How do you multiply out \[{\left( {5{z^2} + 3z + 2} \right)^2}\]?

Answer 1

Hint: We use the square of the given value and open it in terms of multiplication with itself. Use distributive property to multiply each term from the first bracket with each term of second bracket separately.
* Distributive Property: For any three numbers ‘a’, ‘b’ and ‘c’ we can write \[a(b + c) = ab + bc\]

Complete step-by-step solution:
We have to multiply out the square of quadratic equation i.e. \[{\left( {5{z^2} + 3z + 2} \right)^2}\]
We know square means the number or the value is multiplied to itself one time i.e. \[{a^2} = a \times a\]
We can write \[{\left( {5{z^2} + 3z + 2} \right)^2} = \left( {5{z^2} + 3z + 2} \right) \times \left( {5{z^2} + 3z + 2} \right)\]
Now we use distributive property to break the product of brackets
\[ \Rightarrow \left( {5{z^2} + 3z + 2} \right) \times \left( {5{z^2} + 3z + 2} \right) = 5{z^2}\left( {5{z^2} + 3z + 2} \right) + 3z\left( {5{z^2} + 3z + 2} \right) + 2\left( {5{z^2} + 3z + 2} \right)\]
Now we again use distributive property for each term in right hand side of the equation
\[ \Rightarrow \left( {5{z^2} + 3z + 2} \right) \times \left( {5{z^2} + 3z + 2} \right) = 5{z^2} \times 5{z^2} + 5{z^2} \times 3z + 5{z^2} \times 2 + 3z \times 5{z^2} + 3z \times 3z + 3z \times 2 + 2 \times 5{z^2} + 2 \times 3z + 2 \times 2\]Calculate each of the products on right hand side of the equation.
Use law of exponents i.e. add the powers when base is same
\[ \Rightarrow \left( {5{z^2} + 3z + 2} \right) \times \left( {5{z^2} + 3z + 2} \right) = 25{z^{2 + 2}} + 15{z^{2 + 1}} + 10{z^2} + 15{z^{2 + 1}} + 9{z^{1 + 1}} + 6z + 10{z^2} + 6z + 4\]
Add the values in the power for each term in right hand side of the equation
\[ \Rightarrow \left( {5{z^2} + 3z + 2} \right) \times \left( {5{z^2} + 3z + 2} \right) = 25{z^4} + 15{z^3} + 10{z^2} + 15{z^3} + 9{z^2} + 6z + 10{z^2} + 6z + 4\]
Now we combine the terms having same variable associated with it
\[ \Rightarrow \left( {5{z^2} + 3z + 2} \right) \times \left( {5{z^2} + 3z + 2} \right) = 25{z^4} + (15{z^3} + 15{z^3}) + (10{z^2} + 9{z^2} + 10{z^2}) + (6z + 6z) + 4\]
Add the terms in respective brackets
\[ \Rightarrow \left( {5{z^2} + 3z + 2} \right) \times \left( {5{z^2} + 3z + 2} \right) = 25{z^4} + 30{z^3} + 29{z^2} + 12z + 4\]

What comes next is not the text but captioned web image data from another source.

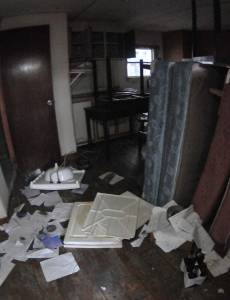 El interior de algunas viviendas de los campamentos de El Cajón muestran la realidad y el descuido del complejo.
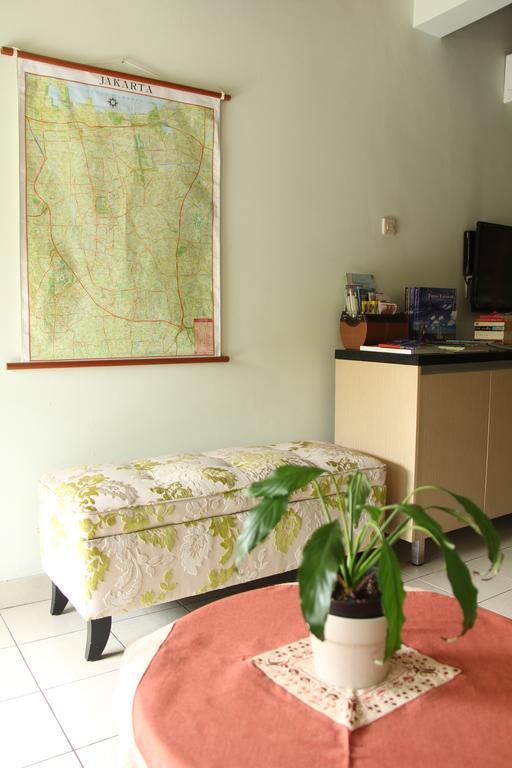 Bed And Breakfast Tomang Jakarta Kültér fotó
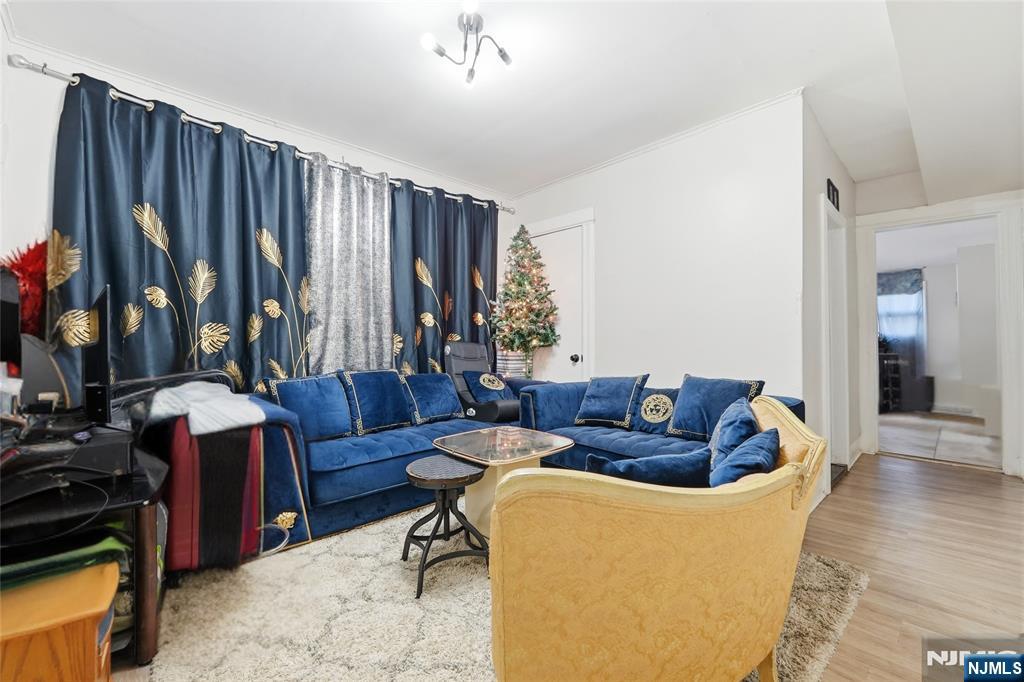 63 Linden Avenue - Photo 2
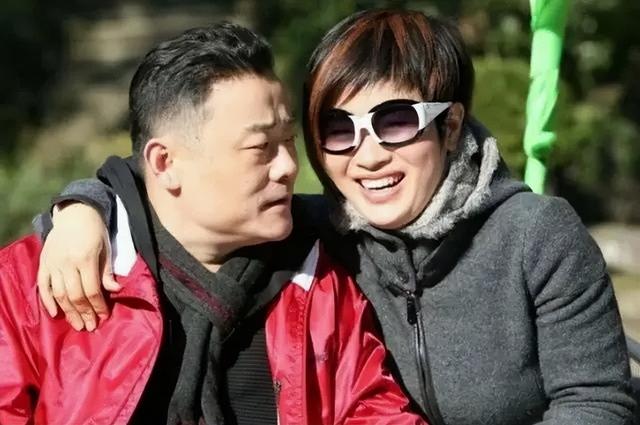 周立波|温州女富豪胡洁：前夫由司机变巨贪，再婚嫁给喜剧演员周立波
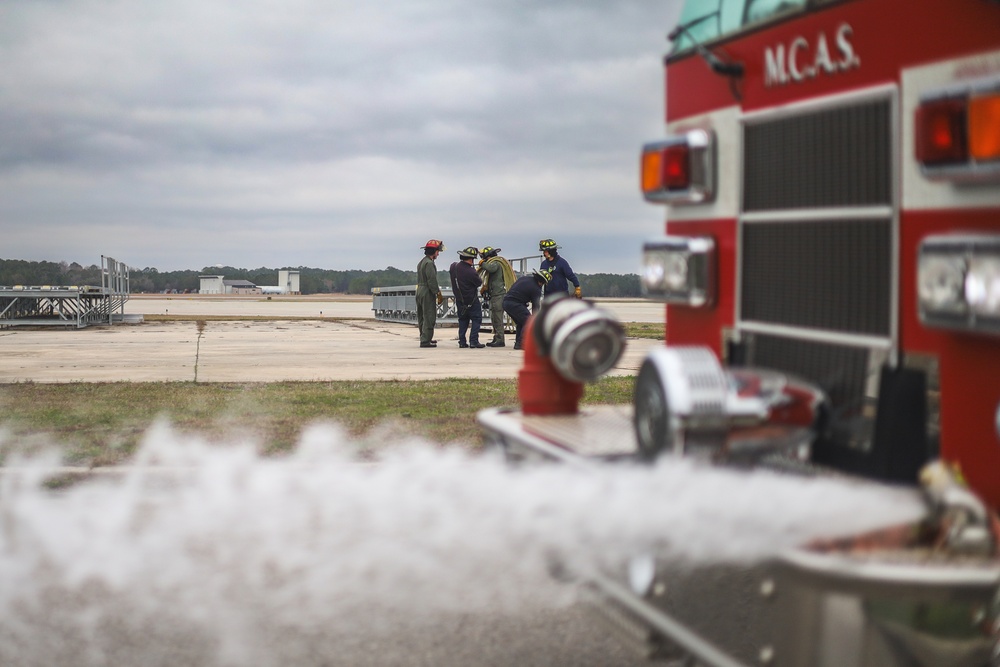 ARFF Conducts Training at MCAS Beaufort
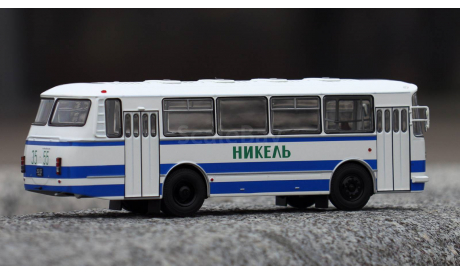 Автобус ЛАЗ-695Н ’НИКЕЛЬ’ с номерами ’КБ’, масштабная модель, Classicbus, scale43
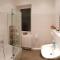 Ferienwohnung oder Studio Dresden-Neustadt inkl Parkplatz mit Balkon oder Terrasse - Dresden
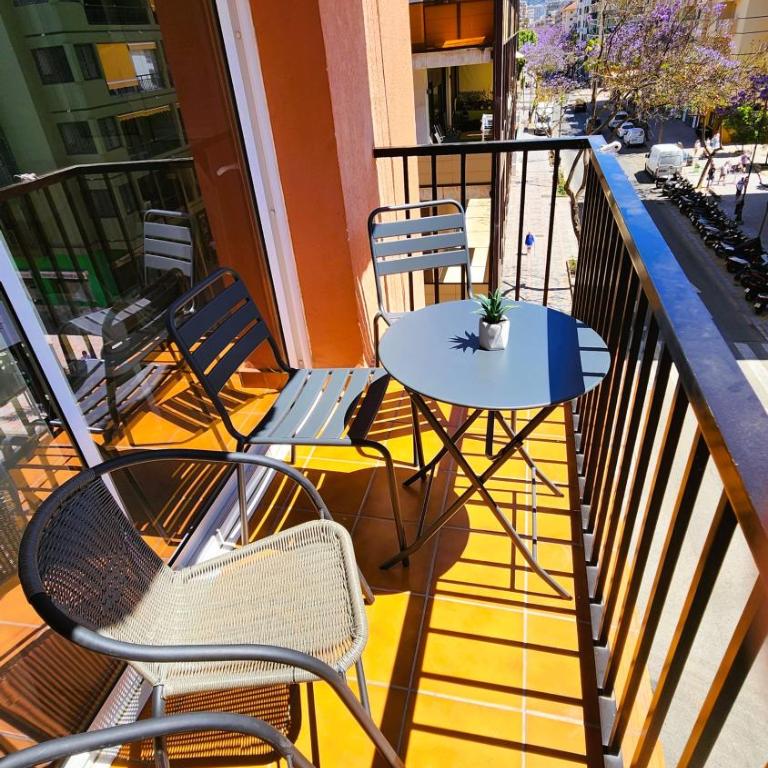 Stunning Fuengirola Gem with city and sea views - Apartamento de 2 dormitorios - 17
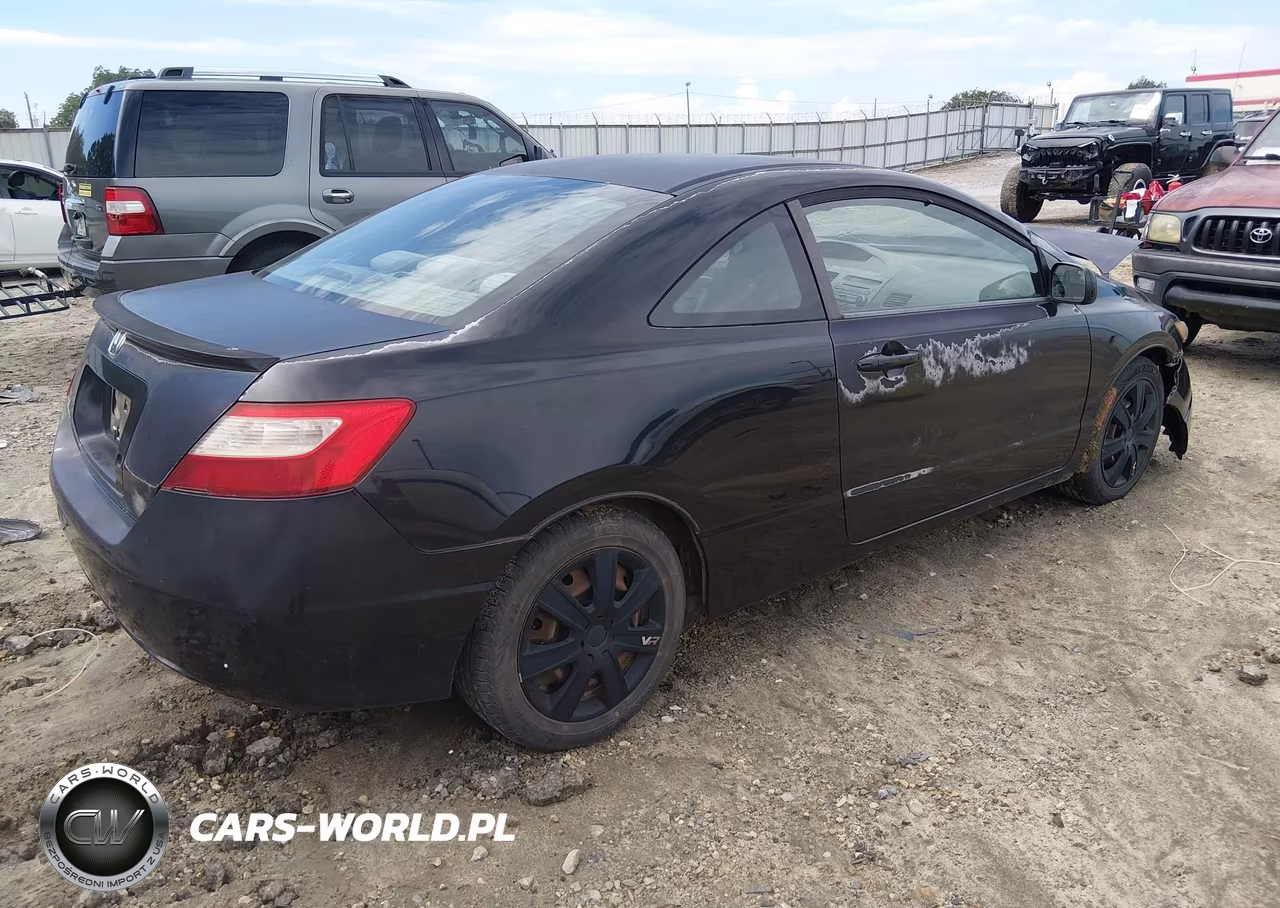 2008 Honda Civic Lx VIN:2HGFG12608H575687 - 4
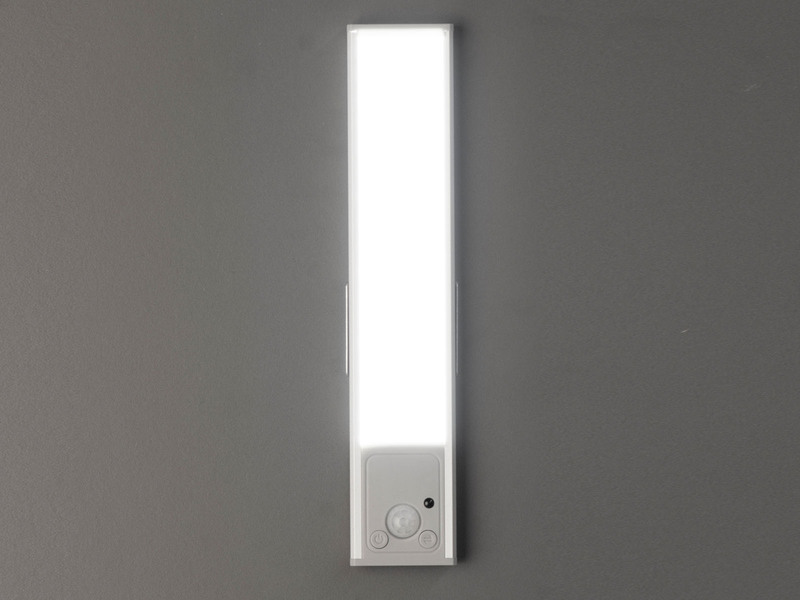Akku Unterbauleuchte MAGNETIC flach mit Bewegungsmelder, Länge 20cm
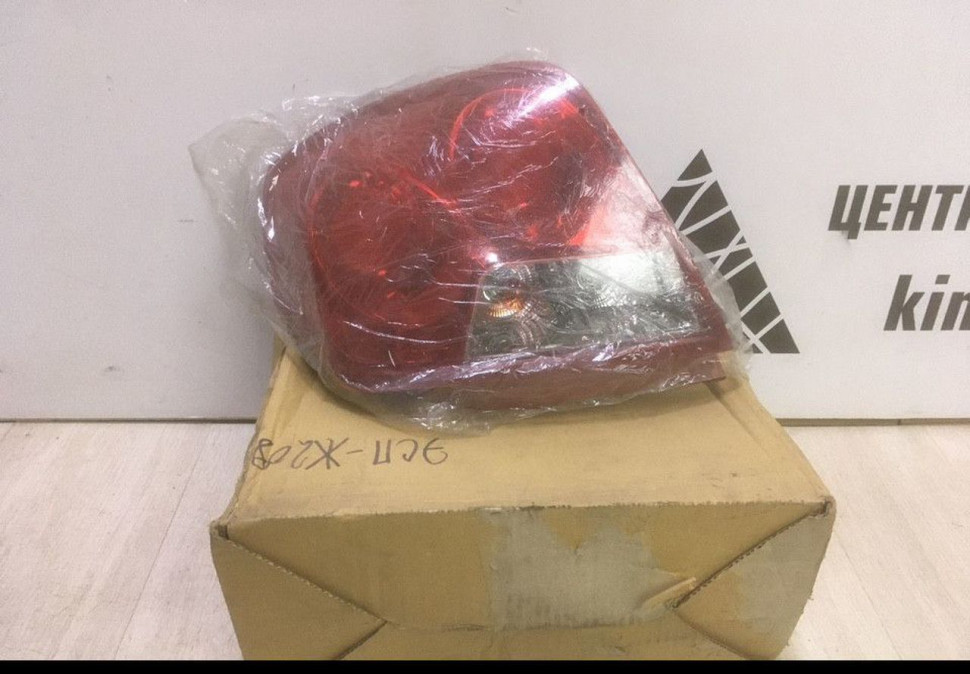 Фонарь правый Chevrolet Lacetti седан oem 96551224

\[\therefore \]The value of \[{\left( {5{z^2} + 3z + 2} \right)^2}\] is \[25{z^4} + 30{z^3} + 29{z^2} + 12z + 4\].

Note: Many students make the mistake of solving this question by writing the quadratic equation in factored form as it is clearly visible that it can be written in the form of product of its factors using factorization method. They end the answer with powers of factors which are wrong. Keep in mind we have to multiply out, this means we have to calculate the final value which will be obtained after multiplying all the values together i.e. opening the brackets and squares to its maximum.